Exercise aim: After finding the line with "allureville / アルアバイル" in the entries below, retype exactly each line from there through the line with "Dreamy Pastel Ocean", including that final line.

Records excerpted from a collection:
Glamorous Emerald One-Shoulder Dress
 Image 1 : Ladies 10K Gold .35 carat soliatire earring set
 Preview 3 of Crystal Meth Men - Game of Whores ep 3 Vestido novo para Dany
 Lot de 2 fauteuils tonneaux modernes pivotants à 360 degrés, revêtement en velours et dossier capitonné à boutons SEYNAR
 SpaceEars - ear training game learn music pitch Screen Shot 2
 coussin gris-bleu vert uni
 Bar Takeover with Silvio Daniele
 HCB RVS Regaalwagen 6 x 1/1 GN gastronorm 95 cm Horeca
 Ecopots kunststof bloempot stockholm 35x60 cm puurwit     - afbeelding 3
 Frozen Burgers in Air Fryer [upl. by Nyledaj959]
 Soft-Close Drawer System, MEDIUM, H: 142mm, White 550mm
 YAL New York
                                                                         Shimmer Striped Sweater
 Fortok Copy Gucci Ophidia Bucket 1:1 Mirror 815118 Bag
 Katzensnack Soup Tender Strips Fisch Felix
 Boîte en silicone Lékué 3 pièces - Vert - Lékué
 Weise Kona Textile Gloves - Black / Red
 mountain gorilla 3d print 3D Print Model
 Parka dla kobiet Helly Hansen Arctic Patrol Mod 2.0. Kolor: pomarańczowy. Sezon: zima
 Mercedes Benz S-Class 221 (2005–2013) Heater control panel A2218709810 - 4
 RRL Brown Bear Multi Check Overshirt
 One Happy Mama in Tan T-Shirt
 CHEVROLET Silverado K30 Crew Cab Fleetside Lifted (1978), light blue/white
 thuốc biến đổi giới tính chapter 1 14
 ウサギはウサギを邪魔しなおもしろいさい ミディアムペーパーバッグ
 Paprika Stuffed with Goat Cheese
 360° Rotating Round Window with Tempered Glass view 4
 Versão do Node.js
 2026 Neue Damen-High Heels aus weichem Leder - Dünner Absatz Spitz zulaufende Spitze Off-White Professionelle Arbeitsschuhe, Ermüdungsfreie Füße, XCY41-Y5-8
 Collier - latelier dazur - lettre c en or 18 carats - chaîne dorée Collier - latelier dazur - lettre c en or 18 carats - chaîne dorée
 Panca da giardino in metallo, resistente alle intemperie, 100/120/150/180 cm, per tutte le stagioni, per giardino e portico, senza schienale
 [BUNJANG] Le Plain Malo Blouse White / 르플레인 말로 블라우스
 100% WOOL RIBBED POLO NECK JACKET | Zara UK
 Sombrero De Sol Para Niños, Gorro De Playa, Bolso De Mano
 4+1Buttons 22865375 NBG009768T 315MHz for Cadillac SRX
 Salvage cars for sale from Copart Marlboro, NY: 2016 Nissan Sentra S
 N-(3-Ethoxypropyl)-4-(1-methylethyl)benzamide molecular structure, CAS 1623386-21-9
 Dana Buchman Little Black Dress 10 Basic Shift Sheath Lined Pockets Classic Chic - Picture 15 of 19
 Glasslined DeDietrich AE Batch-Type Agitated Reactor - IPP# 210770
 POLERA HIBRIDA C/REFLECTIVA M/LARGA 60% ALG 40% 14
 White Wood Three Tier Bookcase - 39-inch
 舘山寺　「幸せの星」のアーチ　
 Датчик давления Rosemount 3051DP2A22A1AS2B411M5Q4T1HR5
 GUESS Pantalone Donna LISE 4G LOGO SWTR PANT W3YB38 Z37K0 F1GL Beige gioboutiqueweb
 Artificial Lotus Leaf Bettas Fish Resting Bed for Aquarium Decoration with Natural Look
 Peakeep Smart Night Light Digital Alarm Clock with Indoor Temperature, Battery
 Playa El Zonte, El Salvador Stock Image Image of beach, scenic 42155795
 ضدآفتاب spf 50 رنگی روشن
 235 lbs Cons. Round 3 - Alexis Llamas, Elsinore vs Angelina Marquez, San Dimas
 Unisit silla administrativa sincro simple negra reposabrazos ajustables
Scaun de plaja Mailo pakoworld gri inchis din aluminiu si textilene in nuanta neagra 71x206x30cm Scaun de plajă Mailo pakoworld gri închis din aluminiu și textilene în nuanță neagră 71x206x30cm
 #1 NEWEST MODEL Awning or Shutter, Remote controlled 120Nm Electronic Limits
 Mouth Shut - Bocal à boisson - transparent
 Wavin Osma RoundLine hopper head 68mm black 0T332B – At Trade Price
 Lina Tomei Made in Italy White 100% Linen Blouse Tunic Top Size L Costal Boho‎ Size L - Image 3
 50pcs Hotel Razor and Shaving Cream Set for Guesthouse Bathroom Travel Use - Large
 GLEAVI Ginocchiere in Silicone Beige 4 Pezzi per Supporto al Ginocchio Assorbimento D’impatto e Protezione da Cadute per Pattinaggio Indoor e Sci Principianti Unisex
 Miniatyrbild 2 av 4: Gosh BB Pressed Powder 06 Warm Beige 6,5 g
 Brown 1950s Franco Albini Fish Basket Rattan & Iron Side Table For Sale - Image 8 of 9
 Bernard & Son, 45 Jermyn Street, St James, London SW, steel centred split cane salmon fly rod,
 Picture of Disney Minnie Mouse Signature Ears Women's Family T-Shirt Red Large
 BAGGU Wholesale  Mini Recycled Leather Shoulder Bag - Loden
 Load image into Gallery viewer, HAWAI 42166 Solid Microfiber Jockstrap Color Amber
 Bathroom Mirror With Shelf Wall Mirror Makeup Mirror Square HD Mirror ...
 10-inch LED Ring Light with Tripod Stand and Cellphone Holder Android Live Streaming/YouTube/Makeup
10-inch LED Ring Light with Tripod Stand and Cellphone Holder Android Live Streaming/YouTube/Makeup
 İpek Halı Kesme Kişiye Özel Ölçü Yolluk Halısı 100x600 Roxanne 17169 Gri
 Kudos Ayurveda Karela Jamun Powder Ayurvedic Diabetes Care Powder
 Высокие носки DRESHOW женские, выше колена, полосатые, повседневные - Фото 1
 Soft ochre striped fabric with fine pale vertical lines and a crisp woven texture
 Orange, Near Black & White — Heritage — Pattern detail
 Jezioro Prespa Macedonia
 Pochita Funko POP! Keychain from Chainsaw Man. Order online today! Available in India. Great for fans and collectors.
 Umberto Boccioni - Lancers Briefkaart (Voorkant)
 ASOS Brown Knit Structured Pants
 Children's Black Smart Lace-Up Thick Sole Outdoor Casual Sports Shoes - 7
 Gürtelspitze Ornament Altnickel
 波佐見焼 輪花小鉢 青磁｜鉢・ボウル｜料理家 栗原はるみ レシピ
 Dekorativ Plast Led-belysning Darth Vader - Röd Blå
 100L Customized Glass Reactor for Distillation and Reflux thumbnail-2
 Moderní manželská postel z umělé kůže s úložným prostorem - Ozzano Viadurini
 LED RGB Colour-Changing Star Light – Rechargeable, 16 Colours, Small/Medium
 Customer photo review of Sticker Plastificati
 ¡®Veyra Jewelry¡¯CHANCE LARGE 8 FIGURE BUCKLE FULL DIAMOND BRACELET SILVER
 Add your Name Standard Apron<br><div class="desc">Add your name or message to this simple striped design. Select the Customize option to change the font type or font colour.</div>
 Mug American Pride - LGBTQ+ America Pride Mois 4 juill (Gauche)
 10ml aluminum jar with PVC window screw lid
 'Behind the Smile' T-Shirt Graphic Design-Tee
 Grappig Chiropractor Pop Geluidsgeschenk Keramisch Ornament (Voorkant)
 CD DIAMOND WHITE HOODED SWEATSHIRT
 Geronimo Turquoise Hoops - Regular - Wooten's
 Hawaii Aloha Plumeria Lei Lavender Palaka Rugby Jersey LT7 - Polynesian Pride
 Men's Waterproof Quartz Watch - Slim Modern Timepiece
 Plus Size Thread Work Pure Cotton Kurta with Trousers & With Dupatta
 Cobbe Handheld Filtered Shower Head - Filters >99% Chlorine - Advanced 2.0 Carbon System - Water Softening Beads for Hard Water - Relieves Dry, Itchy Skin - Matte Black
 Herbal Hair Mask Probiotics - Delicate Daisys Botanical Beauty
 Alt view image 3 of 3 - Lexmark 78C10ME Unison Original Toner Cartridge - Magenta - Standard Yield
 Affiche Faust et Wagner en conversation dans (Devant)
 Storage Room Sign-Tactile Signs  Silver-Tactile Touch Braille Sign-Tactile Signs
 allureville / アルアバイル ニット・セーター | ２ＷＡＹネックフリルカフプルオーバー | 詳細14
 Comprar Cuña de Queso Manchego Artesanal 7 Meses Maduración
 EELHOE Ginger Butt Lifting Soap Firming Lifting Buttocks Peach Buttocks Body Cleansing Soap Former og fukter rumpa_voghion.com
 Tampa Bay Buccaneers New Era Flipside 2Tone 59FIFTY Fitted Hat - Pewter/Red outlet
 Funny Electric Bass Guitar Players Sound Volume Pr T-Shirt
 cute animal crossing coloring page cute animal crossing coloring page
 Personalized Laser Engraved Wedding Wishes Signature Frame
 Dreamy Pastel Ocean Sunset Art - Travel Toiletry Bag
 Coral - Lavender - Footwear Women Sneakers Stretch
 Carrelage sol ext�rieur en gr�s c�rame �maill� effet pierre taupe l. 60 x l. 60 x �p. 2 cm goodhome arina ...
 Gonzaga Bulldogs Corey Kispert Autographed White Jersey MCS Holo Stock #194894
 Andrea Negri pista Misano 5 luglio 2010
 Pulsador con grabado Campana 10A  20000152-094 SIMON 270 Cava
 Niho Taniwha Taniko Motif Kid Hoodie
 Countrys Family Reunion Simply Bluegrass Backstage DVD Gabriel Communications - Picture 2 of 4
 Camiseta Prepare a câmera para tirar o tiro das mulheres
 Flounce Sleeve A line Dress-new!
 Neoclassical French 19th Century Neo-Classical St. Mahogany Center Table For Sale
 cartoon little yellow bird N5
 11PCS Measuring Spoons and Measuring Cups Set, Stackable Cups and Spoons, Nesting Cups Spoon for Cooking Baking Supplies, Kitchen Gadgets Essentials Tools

Result for this exercise:
 allureville / アルアバイル ニット・セーター | ２ＷＡＹネックフリルカフプルオーバー | 詳細14
 Comprar Cuña de Queso Manchego Artesanal 7 Meses Maduración
 EELHOE Ginger Butt Lifting Soap Firming Lifting Buttocks Peach Buttocks Body Cleansing Soap Former og fukter rumpa_voghion.com
 Tampa Bay Buccaneers New Era Flipside 2Tone 59FIFTY Fitted Hat - Pewter/Red outlet
 Funny Electric Bass Guitar Players Sound Volume Pr T-Shirt
 cute animal crossing coloring page cute animal crossing coloring page
 Personalized Laser Engraved Wedding Wishes Signature Frame
 Dreamy Pastel Ocean Sunset Art - Travel Toiletry Bag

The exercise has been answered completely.